Ringgit Gets No Reprieve as It Slides With Oil on Slowing China

  • Data shows trade surplus shrank more than forecast in July
  • Moody's says foreign-exchange reserve adequacy Asean's weakest

Malaysia’s ringgit fell for an 11th week in its longest stretch of losses since 1993 as lower energy prices weigh on the oil exporter’s earnings and capital flows out of emerging markets amid slowing Chinese growth.

The nation’s foreign-exchange reserves have fallen 18 percent this year, fueling speculation the central bank bought the ringgit to stem declines in Asia’s worst-performing currency. Data issued after the markets closed on Friday pointed to a slight pick up in the last two weeks of August. While a report earlier showed exports rose more than forecast in July, the decline in the trade surplus exceeded estimates. Malaysia’s benchmark stock index dropped this week and is down almost 10 percent in 2015, with a U.S. interest-rate increase likely to spur more outflows.

“For the ringgit, it has almost become a perfect storm,” said Mitul Kotecha, head of Asia Pacific currency strategy at Barclays Plc in Singapore. “The external position has come under focus. There are lower oil prices, weaker external demand and looming Federal Reserve rate hikes.”

The currency depreciated 1.4 percent in the past five days and 0.3 percent on Friday to 4.2585 a dollar in Kuala Lumpur, according to prices from local banks compiled by Bloomberg. It has weakened 18 percent this year and fell to a 17-year low of 4.2990 on Aug. 26.

Brent crude has halved in the past year, lowering government revenue for Malaysia, which derives 22 percent of its income from oil-related sources.
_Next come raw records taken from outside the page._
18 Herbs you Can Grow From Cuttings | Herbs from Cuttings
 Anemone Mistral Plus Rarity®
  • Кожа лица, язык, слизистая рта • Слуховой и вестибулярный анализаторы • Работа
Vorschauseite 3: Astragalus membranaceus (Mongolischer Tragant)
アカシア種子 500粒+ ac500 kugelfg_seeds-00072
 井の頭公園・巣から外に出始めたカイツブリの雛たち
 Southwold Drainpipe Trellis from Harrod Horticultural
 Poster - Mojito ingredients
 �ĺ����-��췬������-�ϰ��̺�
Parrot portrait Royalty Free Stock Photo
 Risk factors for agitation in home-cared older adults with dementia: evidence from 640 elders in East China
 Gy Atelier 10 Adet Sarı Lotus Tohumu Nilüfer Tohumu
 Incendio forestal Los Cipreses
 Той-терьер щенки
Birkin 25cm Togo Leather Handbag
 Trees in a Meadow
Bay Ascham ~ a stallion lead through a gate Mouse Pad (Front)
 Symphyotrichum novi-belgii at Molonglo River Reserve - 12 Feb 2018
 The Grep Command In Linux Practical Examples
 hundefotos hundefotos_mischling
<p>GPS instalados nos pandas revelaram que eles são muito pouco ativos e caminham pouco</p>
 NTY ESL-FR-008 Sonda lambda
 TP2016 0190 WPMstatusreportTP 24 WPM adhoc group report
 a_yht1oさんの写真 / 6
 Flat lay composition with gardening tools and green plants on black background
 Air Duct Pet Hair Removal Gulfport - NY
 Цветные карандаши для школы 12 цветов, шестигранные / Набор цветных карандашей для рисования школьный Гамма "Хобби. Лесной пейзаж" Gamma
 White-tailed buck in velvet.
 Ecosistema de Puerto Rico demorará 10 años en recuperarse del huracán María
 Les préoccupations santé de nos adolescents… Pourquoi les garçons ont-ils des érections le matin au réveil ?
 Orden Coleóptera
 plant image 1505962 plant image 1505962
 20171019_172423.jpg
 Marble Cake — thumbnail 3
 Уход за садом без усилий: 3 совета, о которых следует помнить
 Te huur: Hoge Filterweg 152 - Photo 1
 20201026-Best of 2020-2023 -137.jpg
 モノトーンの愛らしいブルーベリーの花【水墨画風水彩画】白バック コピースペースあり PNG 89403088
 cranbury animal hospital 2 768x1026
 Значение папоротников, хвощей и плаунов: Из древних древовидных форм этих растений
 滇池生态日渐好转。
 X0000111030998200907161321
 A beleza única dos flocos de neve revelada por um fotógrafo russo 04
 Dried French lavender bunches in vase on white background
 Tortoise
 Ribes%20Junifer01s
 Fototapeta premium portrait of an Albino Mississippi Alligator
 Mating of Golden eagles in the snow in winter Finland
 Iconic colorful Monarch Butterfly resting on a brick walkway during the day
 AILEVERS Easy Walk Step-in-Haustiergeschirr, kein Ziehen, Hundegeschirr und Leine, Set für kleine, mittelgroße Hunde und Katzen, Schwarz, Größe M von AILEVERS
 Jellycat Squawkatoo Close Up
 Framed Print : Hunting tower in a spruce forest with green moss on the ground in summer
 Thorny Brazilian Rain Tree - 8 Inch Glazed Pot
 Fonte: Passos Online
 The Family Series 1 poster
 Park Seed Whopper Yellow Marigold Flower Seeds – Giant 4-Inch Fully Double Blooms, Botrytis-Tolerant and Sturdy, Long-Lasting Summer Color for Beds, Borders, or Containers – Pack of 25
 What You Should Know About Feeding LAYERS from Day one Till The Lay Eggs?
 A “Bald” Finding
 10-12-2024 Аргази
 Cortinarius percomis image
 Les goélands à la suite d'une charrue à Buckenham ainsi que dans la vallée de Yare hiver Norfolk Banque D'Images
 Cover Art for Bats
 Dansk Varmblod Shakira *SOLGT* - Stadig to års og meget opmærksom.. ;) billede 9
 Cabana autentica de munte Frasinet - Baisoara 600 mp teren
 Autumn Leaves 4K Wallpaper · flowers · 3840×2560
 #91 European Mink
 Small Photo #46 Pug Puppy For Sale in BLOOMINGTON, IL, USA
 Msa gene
Exports rose 3.5 percent in July from a year earlier, after advancing 5 percent the previous month, government data showed Friday. The trade surplus narrowed to 2.38 billion ringgit ($559 million) from 7.98 billion ringgit. Overseas shipments were expected to climb 3.2 percent, while the trade gap was seen at 6.3 billion ringgit, according to a Bloomberg survey.

Falling Reserves

Malaysia’s reserve holdings rose 0.2 percent to $94.7 billion in the two weeks to Aug. 28 from a six-year low of $94.5 billion in previous fortnight, the central bank reported on Friday. While the reserves remain sufficient, their adequacy is the weakest in the Association of Southeast Asian Nations, Moody’s Investors Service sovereign analyst Christian de Guzman said in an Aug. 27 briefing in Kuala Lumpur.

Government bonds advanced, with the 10-year yield falling 19 basis points this week and five basis points Friday to 4.21 percent, according to prices from Bursa Malaysia.